Neuroprotection by marine-derived compound, 11-dehydrosinulariolide, in an in vitro Parkinson's model: a promising candidate for the treatment of Parkinson's disease

Parkinson's disease (PD) is a neurodegenerative disease characterized by tremor, rigidity, bradykinesia, and gait impairment. So far, very few pharmacological agents have been isolated or developed that effectively inhibit the progression of PD. However, several studies have demonstrated that inflammatory processes play critical roles in PD. Therefore, anti-inflammatory agents may suppress disease progression in PD. 11-Dehydrosinulariolide was isolated from cultured soft corals. The anti-inflammatory effect of this molecule has been observed through suppression of the expression of two main pro-inflammatory proteins: inducible nitric oxide synthase and cyclooxygenase-2, in lipopolysaccharide-stimulated macrophage cells. We also found that 11-dehydrosinulariolide significantly reduced 6-hydroxydopamine (6-OHDA)-induced cytotoxicity and apoptosis in a human neuroblastoma cell line (SH-SY5Y).
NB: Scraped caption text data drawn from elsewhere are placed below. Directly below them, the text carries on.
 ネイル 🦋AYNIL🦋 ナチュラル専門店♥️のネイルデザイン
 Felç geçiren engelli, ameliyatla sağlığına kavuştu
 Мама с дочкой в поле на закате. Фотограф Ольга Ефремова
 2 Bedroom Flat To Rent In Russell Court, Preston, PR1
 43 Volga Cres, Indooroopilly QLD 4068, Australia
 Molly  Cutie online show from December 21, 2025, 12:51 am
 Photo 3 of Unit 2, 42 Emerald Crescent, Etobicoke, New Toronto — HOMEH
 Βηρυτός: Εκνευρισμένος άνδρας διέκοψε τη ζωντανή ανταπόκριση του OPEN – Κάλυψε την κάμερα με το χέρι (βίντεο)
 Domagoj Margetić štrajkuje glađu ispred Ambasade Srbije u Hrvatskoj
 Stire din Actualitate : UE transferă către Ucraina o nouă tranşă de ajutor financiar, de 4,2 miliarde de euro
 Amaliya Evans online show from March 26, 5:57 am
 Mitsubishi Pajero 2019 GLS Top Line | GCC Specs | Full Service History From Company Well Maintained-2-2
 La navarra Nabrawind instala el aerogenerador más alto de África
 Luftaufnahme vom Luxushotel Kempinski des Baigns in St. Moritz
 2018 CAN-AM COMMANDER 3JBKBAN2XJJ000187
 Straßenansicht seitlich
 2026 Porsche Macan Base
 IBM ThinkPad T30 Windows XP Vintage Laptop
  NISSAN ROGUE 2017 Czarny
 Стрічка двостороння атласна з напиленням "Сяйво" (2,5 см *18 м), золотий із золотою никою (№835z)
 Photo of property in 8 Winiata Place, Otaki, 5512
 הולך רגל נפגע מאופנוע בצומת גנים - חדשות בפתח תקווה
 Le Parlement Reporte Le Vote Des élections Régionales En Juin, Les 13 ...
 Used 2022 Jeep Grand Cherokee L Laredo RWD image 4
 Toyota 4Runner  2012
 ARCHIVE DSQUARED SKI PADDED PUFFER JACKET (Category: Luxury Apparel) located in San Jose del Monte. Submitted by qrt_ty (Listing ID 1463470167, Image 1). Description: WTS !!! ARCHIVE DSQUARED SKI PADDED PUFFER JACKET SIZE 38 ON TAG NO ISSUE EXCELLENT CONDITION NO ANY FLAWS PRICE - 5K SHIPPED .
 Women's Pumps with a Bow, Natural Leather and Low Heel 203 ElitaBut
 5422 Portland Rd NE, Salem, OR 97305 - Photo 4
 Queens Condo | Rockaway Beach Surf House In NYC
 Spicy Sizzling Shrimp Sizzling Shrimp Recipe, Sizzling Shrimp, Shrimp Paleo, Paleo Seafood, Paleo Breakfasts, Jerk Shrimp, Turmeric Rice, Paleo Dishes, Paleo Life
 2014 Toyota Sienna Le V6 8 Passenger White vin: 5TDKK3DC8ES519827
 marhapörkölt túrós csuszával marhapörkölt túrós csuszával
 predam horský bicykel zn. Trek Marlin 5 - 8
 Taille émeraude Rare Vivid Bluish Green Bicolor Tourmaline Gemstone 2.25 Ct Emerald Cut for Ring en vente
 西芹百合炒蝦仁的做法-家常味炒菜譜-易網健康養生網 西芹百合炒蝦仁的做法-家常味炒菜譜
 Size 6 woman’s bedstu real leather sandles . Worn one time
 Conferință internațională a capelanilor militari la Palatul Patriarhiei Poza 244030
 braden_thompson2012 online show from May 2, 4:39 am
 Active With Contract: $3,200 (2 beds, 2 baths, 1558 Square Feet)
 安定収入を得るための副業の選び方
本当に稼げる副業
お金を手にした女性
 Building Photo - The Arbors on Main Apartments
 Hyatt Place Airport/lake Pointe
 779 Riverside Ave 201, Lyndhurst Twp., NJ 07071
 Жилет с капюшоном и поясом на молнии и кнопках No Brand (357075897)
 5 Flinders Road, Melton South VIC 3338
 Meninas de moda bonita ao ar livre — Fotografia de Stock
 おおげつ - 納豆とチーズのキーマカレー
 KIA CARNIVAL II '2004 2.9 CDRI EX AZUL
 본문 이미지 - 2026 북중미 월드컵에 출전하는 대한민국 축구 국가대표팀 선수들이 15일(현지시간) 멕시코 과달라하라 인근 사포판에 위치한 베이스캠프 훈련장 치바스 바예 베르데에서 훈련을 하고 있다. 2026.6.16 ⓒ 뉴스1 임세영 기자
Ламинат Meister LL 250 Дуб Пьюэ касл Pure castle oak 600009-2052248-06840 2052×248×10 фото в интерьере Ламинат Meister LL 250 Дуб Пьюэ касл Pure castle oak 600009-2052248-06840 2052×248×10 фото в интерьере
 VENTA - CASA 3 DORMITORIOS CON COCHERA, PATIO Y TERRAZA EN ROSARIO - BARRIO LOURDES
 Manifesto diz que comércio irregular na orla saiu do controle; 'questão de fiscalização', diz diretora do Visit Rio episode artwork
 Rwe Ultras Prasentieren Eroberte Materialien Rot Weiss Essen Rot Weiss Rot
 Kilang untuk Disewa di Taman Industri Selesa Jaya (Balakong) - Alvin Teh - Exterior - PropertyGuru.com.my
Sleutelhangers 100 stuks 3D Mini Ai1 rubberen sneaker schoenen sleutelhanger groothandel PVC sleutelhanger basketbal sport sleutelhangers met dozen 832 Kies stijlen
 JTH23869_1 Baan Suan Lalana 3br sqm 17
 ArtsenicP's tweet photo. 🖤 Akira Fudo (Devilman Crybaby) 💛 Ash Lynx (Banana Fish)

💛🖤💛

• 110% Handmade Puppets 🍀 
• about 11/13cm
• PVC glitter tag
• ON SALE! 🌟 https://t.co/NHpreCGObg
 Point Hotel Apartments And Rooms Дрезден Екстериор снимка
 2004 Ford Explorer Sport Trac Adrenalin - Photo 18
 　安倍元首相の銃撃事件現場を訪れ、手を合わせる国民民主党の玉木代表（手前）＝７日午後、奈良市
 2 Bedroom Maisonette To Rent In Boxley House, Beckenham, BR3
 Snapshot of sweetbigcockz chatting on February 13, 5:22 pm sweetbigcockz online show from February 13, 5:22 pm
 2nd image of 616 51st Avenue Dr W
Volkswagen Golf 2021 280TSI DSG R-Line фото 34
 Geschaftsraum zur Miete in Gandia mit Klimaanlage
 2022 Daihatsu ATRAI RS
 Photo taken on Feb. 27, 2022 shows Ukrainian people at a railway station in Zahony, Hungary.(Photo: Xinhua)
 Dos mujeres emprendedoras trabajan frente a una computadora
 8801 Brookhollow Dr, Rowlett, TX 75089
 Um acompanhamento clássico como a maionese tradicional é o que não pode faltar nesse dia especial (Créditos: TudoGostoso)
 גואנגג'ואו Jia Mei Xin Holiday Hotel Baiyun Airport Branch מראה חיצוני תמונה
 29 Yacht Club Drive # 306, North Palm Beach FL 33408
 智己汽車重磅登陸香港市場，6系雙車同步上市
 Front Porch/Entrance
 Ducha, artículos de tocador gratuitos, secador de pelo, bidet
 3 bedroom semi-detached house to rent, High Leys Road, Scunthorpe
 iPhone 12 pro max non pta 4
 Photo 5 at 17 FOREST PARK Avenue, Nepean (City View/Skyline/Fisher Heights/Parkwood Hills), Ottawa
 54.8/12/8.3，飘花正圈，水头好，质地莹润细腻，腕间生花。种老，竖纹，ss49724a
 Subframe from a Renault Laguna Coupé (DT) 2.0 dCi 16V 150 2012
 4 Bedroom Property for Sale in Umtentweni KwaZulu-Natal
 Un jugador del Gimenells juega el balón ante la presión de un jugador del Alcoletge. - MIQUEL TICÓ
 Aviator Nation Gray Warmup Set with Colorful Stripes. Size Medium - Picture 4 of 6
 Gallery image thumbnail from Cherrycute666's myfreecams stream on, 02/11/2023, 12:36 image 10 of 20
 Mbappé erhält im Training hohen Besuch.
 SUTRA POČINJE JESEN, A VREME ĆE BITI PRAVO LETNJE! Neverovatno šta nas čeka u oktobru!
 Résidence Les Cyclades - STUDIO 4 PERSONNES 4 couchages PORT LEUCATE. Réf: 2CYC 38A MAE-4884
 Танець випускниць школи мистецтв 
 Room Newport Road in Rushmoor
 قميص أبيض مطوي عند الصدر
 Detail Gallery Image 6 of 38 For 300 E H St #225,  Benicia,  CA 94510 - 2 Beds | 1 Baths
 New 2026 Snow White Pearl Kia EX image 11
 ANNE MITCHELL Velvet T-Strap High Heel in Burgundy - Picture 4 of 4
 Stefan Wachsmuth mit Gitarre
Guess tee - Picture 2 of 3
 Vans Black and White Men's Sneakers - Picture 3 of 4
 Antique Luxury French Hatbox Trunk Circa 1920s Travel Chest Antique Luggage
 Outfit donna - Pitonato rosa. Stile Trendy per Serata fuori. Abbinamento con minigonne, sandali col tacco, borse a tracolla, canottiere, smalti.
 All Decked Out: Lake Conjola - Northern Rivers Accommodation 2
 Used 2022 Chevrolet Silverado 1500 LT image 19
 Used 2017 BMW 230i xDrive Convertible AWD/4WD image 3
The pharmacological activity of this compound has been studied, and it is associated with the inhibition of 6-OHDA-induced activation of caspase-3 and translocation of nuclear factor kappa B. 11-Dehydrosinulariolide increased the activation of survival-signaling phospho-Akt but not phospho-ERK. The neuroprotective effect of 11-dehydrosinulariolide was assessed here using 6-OHDA-treated SH-SY5Y cells, wherein neuroprotection is mediated through regulation of phosphatidylinositol 3-kinase (PI3K). Furthermore, 11-dehydrosinulariolide caused a significant decrease in caspase-3/7 activity in comparison to the 6-OHDA-treated group, indicating that 11-dehydrosinulariolide has neuroprotective properties. We conclude that 11-dehydrosinulariolide is a promising candidate for the treatment of Parkinson's disease through its anti-apoptotic and anti-inflammatory action via PI3K signaling.